The trial court sustained Darnell's objections to these questions, thereby excluding the doctor's answers, which would have been beneficial to McKelvy's case. McKelvy claims that the trial court erred in doing so, and argues that any objection Darnell had to the questions should have been made when the deposition was taken and that his failure to object at that time constituted a waiver of any objection.

Darnell argues, on the other hand, that the questions go far beyond mere form or technicality and go "to the very heart of [the] plaintiff's case--causation," and that he had not waived his right to object to the questions.

We agree with McKelvy that Darnell waived his right to object to the three questions by failing to object at the time the deposition was taken. Essentially, Darnell's objection was that McKelvy had not laid a proper predicate, a matter that could have been corrected if objection had been made at the deposition hearing. We agree with McKelvy that the questions were proper and that the trial judge should not have excluded the testimony, as we shall point out below.

There Was A Waiver of Right to Object at Trial

The record shows that the parties had stipulated that objections other than objections as "to form of [sic] leading questions" could be made at trial; such stipulations made during depositions are binding agreements and will be given full force and effect by this Court. C. Gamble, McElroy's Alabama Evidence § 426.01(4) (4th ed.1991) (citing National Union Fire Ins. Co. v. Weatherwax & Gentry, 247 Ala. 143, 22 So.2d 733 (1945)). This stipulation effectively incorporated the provisions of Rule 32(b), Ala.R.Civ.P., which provides:

"(b) Objections to Admissibility. Subject to the provisions of subdivision (d)(3) of this rule, objection may be made at the trial or hearing to receiving in evidence any deposition or part thereof for any reason which would require the exclusion of the evidence if the witness were then present and testifying."

Rule 32(d)(3)(B) provides:

"Errors and irregularities occurring at the oral examination in the manner of taking the deposition, in the form of the questions or answers, in the oath or affirmation, or in the conduct of parties, and errors of any kind which might be obviated, removed, or cured if promptly presented, are waived unless seasonable objection thereto is made at the taking of the deposition."

Although we have been unable to find substantial Alabama authority discussing this Rule as it has been applied in the context presented on this appeal, we have determined that the general rule is "that an objection, although not made at the deposition examination, may be made at the trial or hearing to receiving in evidence any deposition or part thereof for any reason which would require the exclusion of the evidence if the witness were then present or testifying." 4A J. Moore, Moore's Federal Practice, p 32.09 (2d ed. 1990), 32-44. Objections based on grounds that might have been obviated or removed if presented at the deposition examination, e.g., that the questions are leading, are waived unless the objections are made at that time. Id.

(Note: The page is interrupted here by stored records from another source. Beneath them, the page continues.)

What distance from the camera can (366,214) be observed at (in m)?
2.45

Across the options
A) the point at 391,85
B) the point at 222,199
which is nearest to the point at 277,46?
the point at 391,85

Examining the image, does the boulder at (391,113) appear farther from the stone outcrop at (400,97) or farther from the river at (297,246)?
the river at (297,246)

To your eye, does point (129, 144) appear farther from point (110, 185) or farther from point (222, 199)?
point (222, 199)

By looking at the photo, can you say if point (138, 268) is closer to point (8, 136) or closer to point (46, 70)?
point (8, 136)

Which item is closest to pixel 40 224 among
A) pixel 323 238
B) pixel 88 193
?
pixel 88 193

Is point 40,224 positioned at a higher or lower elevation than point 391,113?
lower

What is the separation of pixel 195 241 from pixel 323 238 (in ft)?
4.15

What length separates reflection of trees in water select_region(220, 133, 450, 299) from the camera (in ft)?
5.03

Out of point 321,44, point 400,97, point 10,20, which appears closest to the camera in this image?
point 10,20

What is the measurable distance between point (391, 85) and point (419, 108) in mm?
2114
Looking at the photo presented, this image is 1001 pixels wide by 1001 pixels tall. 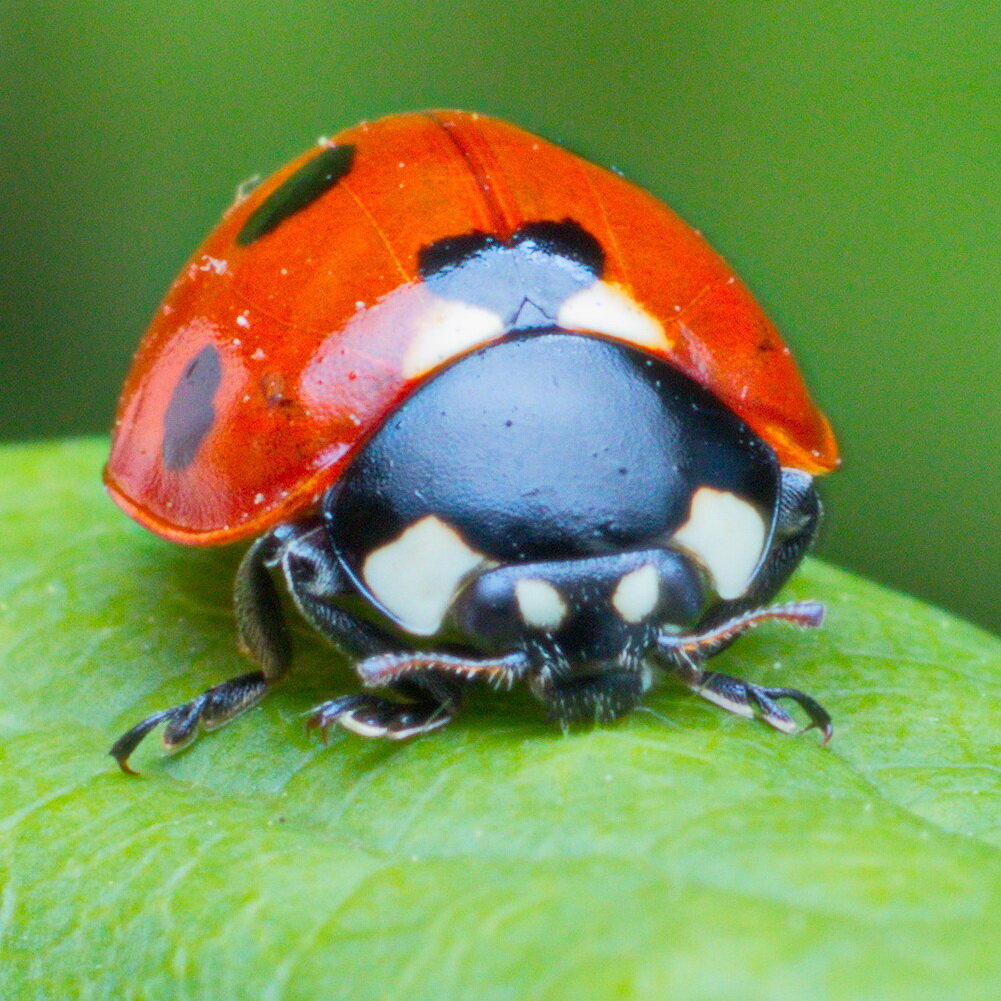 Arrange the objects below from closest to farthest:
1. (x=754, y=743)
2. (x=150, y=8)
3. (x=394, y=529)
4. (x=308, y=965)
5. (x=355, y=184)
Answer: (x=308, y=965), (x=754, y=743), (x=394, y=529), (x=355, y=184), (x=150, y=8)

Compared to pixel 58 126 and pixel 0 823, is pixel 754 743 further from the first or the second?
pixel 58 126

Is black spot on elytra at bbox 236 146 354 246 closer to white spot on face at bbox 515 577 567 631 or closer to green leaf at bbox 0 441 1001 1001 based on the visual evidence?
green leaf at bbox 0 441 1001 1001

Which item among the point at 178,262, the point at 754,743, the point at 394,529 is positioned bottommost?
the point at 178,262

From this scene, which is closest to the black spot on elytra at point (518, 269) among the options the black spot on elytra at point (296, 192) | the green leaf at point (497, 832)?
the black spot on elytra at point (296, 192)

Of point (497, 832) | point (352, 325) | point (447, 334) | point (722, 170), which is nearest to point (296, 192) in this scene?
point (352, 325)

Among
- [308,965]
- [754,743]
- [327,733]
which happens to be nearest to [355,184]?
[327,733]

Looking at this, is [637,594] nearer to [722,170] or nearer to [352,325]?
[352,325]

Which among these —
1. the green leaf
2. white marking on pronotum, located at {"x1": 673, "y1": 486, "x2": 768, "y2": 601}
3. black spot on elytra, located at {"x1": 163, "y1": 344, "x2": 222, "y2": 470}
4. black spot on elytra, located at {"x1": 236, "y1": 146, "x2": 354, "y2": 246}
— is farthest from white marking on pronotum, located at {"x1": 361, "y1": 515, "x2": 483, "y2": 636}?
black spot on elytra, located at {"x1": 236, "y1": 146, "x2": 354, "y2": 246} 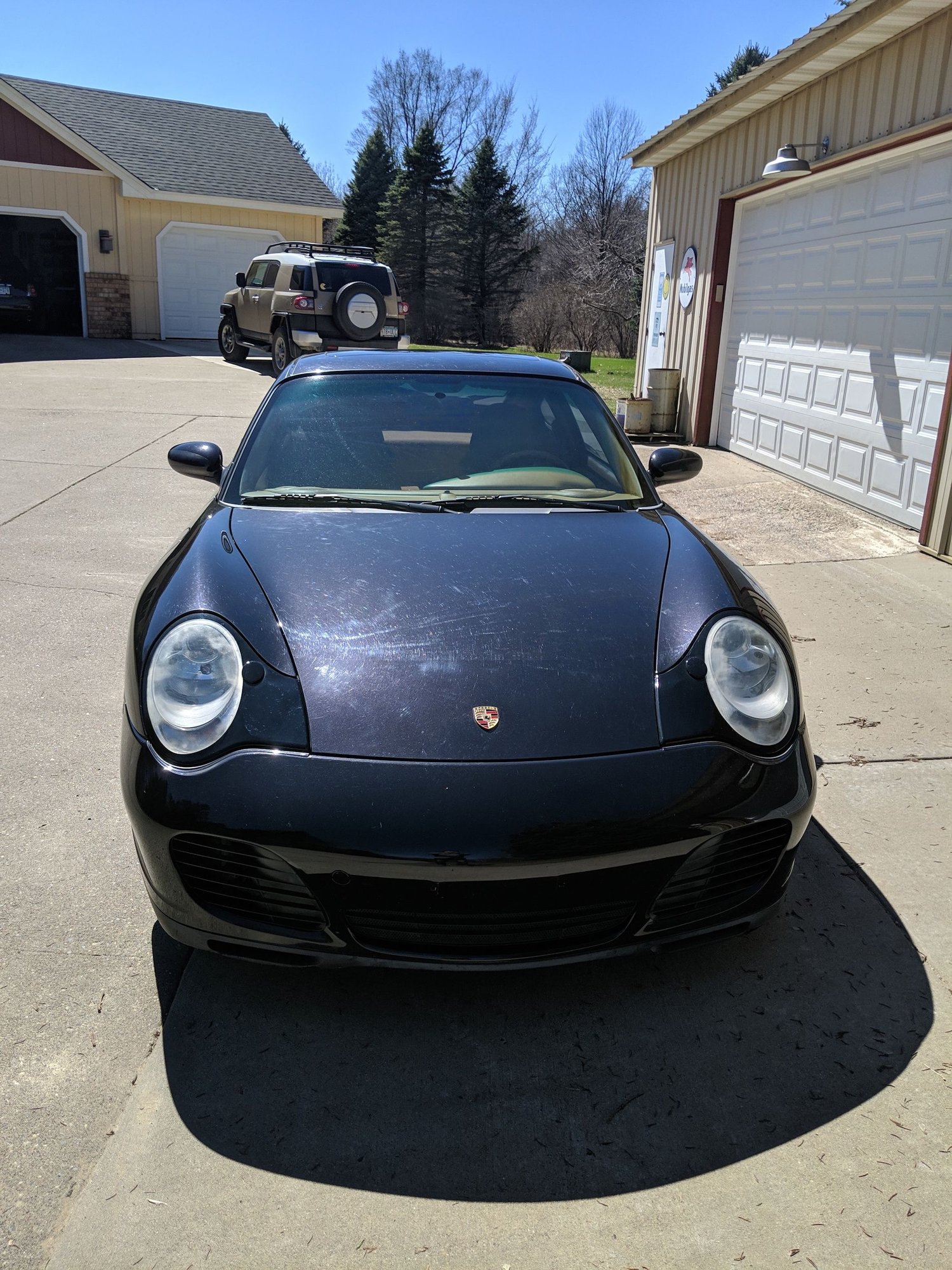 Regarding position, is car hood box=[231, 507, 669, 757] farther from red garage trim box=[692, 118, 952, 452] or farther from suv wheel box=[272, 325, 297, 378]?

Dean Gamble, in his treatise, McElroy's Alabama Evidence, summarizes the provisions of Rule 32(b) as follows:

"These provisions, taken together, result in the following rules. First, a party may object to matter in a deposition introduced at trial even though he did not object at the taking of the deposition. This is only true, however, if the objection is to a matter of substance and, had an objection been lodged at the taking of the deposition, the objectionableness could not have been cured."

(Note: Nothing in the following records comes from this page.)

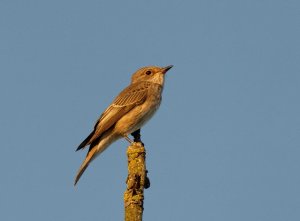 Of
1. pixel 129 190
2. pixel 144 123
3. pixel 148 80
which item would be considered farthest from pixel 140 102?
pixel 129 190

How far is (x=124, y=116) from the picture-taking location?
12078 mm

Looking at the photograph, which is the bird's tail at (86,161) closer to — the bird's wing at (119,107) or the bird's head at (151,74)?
the bird's wing at (119,107)

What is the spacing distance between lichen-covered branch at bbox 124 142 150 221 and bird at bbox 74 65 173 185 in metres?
3.56

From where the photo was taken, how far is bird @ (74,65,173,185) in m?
11.5

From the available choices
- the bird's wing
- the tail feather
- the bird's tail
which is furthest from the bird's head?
the bird's tail

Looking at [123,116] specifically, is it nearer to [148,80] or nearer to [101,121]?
[101,121]

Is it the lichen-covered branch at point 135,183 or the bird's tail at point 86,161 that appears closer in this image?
the lichen-covered branch at point 135,183

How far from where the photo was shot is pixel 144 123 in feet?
40.2

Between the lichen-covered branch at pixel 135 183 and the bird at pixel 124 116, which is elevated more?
the bird at pixel 124 116

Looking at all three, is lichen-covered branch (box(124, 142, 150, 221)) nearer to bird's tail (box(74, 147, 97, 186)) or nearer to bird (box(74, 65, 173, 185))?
bird's tail (box(74, 147, 97, 186))

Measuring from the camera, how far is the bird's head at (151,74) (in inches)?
535

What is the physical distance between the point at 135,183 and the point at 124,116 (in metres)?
5.41

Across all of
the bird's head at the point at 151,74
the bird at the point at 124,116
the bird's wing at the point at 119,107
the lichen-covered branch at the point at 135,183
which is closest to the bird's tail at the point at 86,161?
the bird at the point at 124,116

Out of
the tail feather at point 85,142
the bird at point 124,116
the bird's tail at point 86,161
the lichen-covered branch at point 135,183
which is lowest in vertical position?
the lichen-covered branch at point 135,183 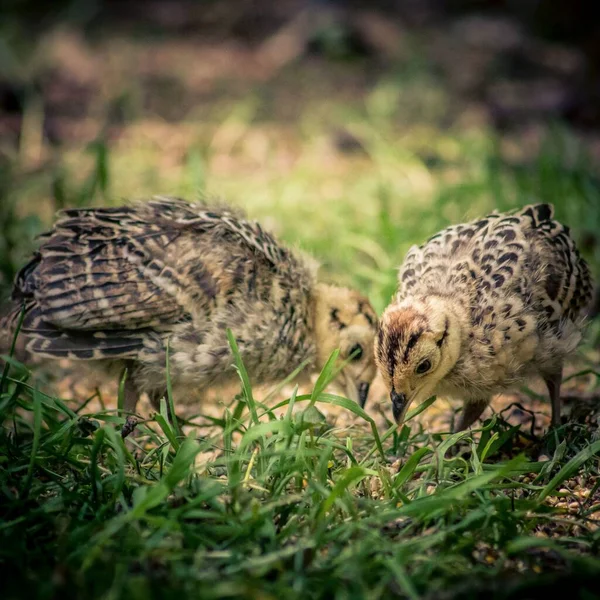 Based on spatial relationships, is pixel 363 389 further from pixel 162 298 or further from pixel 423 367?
pixel 162 298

McElroy's Alabama Evidence § 426.01(4) (4th ed. 1991).

The reasons Darnell gave for objecting to the deposition questions were based on his claim that McKelvy had not laid a proper foundation for the questions. This problem could have been obviated at the time the deposition was taken; therefore, Darnell should have objected at that time. See Nutterville v. McLam, 84 Idaho 36, 367 P.2d 576 (1961). The rule requires that, if a timely objection would enable the questioner to remedy the problem so that the same testimony could be received in accordance with law, the objection must be made at the time the deposition is taken. See Jordan v. Medley, 711 F.2d 211 (D.C.Cir.1983). Failure to object at that time waives the party's right to object. Therefore, Darnell was not entitled to object to the testimony for the first time at trial.

Although the questions were perhaps not in the best form, they were proper questions, and the trial court erred in sustaining Darnell's objection to them.

Darnell argues that even if the trial court erred, the error was harmless. Rule 45, A.R.App.P.

The record does show that at another point in his deposition testimony, Dr. Irwin stated that, in his opinion, the pains and spasms McKelvy suffered in his neck, back, chest, and knee were "due to the car wreck." Dr. Irwin testified:

"Q. To rephrase that question, Dr. [Irwin], what was this treatment administered--what condition was it administered to treat?

"A. The spasm and pain in this neck, spasm of the muscles and pain in his neck, back, and in the back of his chest and knee.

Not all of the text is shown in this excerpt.